Ancak karar öncesi gelen askeri
muhtıra ve ana muhalefet liderinin "Yanlış karar çatışma yaratır" uyarısı, karara ve yüksek mahkemenin saygınlığına gölge düşürdü. Kararda "hukukun icrası"ndan çok, "rejimin bekası"nın rol oynadığı inancı yayıldı.
Yine de sonuçları açısından kararın toplumun gazını aldığı doğrudur. Sandığın yolunu açmıştır.
Nihai karar, en büyük hakeme bırakılmıştır.
* * *
Peki
kriz bitti mi?
Bence bitmedi. Sadece ertelendi.
Abdullah Gül'ün adaylığı, 27
Mayıs sonrası Ali Fuat Başgil'in adaylığının engellenmesine göre daha "kibar", ama muhteva itibarıyla benzer bir yolla durduruldu, ama AKP'ye de
seçim meydanlarda kullanabileceği bir koz verildi.
Üstelik 367 koşuluyla, bundan sonraki seçimler hepten zora sokuldu.
Bu durum "Halk seçsin" diyen koroyu güçlendirdi. Referandumda
halkı, "Sizi yönetecek
cumhurbaşkanını sizin seçmeniz yanlış olur" fikrine inandırmak kolay olmayacaktır.
"Yolu kesilen
mağdur parti" görüntüsünün sandıkta AKP'ye yarayacağını yazmıştım geçen gün... Darbeyle devrilenlerin daha güçlü haleflerle döndüklerine dair yakın tarihten örnekler vermiştim.
CHP lideri aynı kanıda olmadığını açıkladı.
12
Mart'ın ardından AP'nin ciddi yenilgiye uğradığını hatırlattı.
"Yani milletimiz devlet kurumlarıyla (
Baykal, bir süredir bu tabiri 'ordu' anlamında kullanıyor) çatışan partilere
destek vermiyor" dedi.
Acaba?
* * *
Öyleyse niye
27 Mayıs'ta "devlet kurumları"nca devrilen DP'nin yerine kurulan AP, 1961'de yüzde 34.7 oy aldı?
AP'nin 1969'daki oyu yüzde 46.5 idi.
1971'de yeni bir darbeyle durduruldu.
Oyu 1973'te yüzde 30'a düştü.
Neden 27 Mayıs'tan sonra DP geleneğine oy verenler,
12 Mart'tan sonra tavır değiştirdiler?
Buna
cevap bulmak ve önümüzdeki süreçte yaşanacakları öngörebilmek için Ümit
Cizre Sakallıoğlu'nun "AP-
Ordu İlişkileri: "Bir İkilemin Anatomisi" kitabını (İletişim, 1993)
tavsiye ederim.
Yazara göre 12 Mart sonrasında AP, kişi hak ve özgürlükleri karşısında devlet otoritesini güçlendirmeyi amaçlayan ara rejimin
sivil destekçiliğine soyunmuş, sola karşı askerle
işbirliği yapmıştır. (s. 111)
Sonuçta, AP, ara rejimin payandası bir devlet partisi konumuna gelmiş, yılların devlet partisi CHP ise "ortanın solu" söylemiyle "halk cephesi"ne katılmıştır.
Bu sayededir ki AP gerilerken 70'lerin CHP'si, tarihinde ilk -ve galiba son- kez büyük bir oy patlaması yaşamıştır.
* * *
Buradan herkes için alınacak dersler yok mu?
Şimdi zor bir seçim geliyor.
"Devlet kurumları"nın müdahalesi karşısında dik duran, (Ömer Laçiner'in deyimiyle, "mağdur olduğu kadar mağrur durumda"ki) AKP, sandıkta muhtıranın iradesiyle yarışa giriyor.

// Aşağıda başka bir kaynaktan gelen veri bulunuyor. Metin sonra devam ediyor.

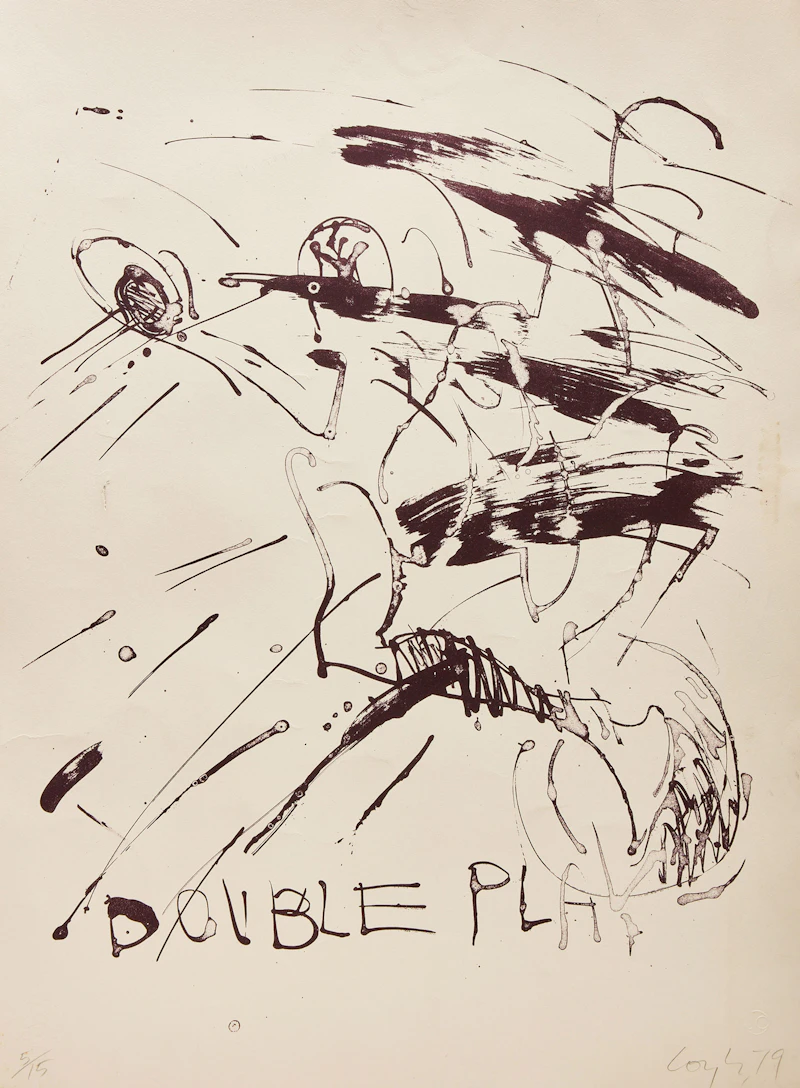 John Graham Coughtry, Double Play; Abstraction on Yellow, two colour serigraphs - view 2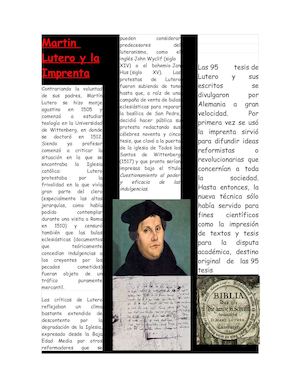 Martin Lutero Y La Imprenta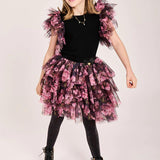 Angel's Face Skirt Black/Pink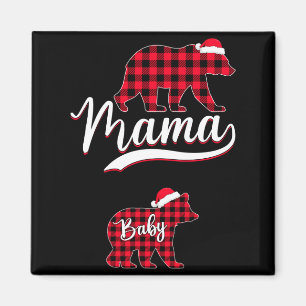 Pregnant Women Mom Mama Bear Pregnancy Christmas P Magnet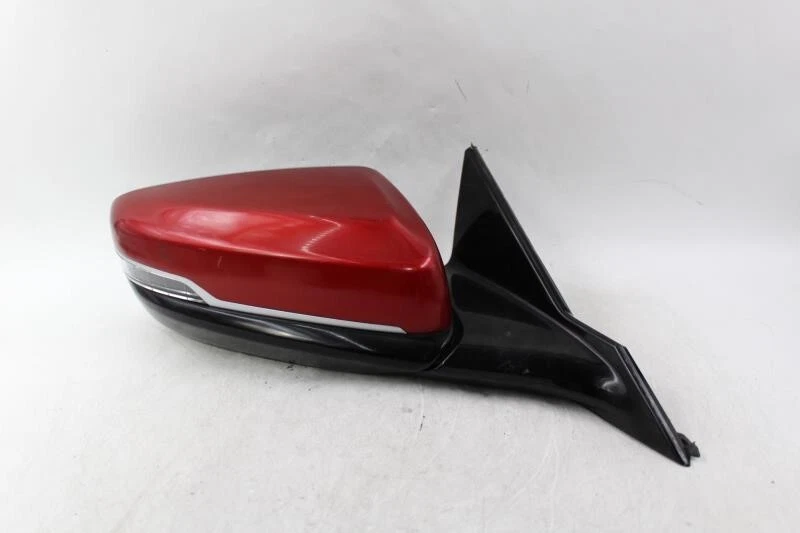 Espejo retrovisor de puerta rojo del lado derecho del pasajero eléctrico compatible con Cadillac CTS 2016-2019 OEM 29477 Foto 1 de 4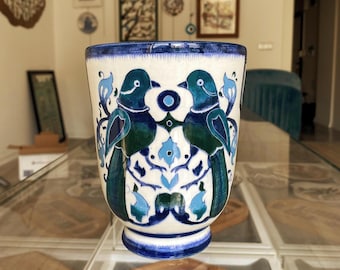 Hann painted Custom design Handmade  ceramic flower pot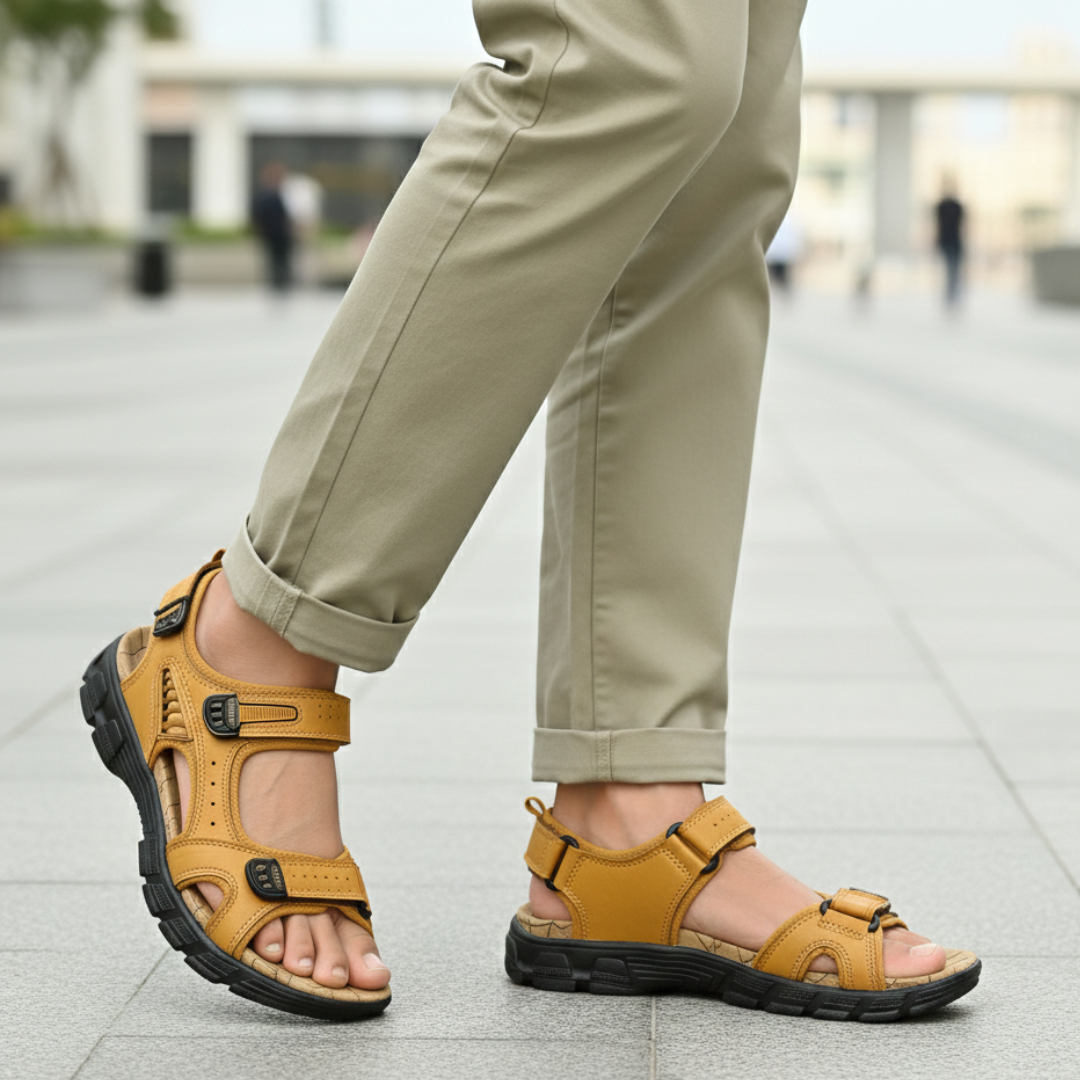 Avalon - Pánské ortopedické sandály - Ergonomická stélka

Bu, en çok "devlet kurumları"nın itibarını zedelemeyecek midir?
Muhtıraya bel bağlayanlar ya da bu süreçte yalpalayanlar (başta DYP olmak üzere) sandıkta gerilemeyecek midir?
Onların yitirdiği oylar AKP'ye gitmeyecek midir?
Nitekim, güvenilir kaynaklardan aldığımız duyumlar, AKP'nin muhtıra sonrasında anlamlı bir yükseliş çizgisi yakaladığına işaret ediyor.
Cumhurbaşkanı seçimi halkoyuna bırakılırsa bugün korkulan seçenek daha güçlü bir şekilde gerçekleşmeyecek midir?
Bütün bunlar daha büyük bir krizin habercisi sayılmaz mı?
Görünen köy karşısında çare, Genç Parti türünden müttefikler aramak yerine, 1973'ün Ecevit'i gibi askeri müdahalelere ve sağ politikalara karşı halkın safında duran özgürlükçü, yenilikçi bir sol çizgi değil midir?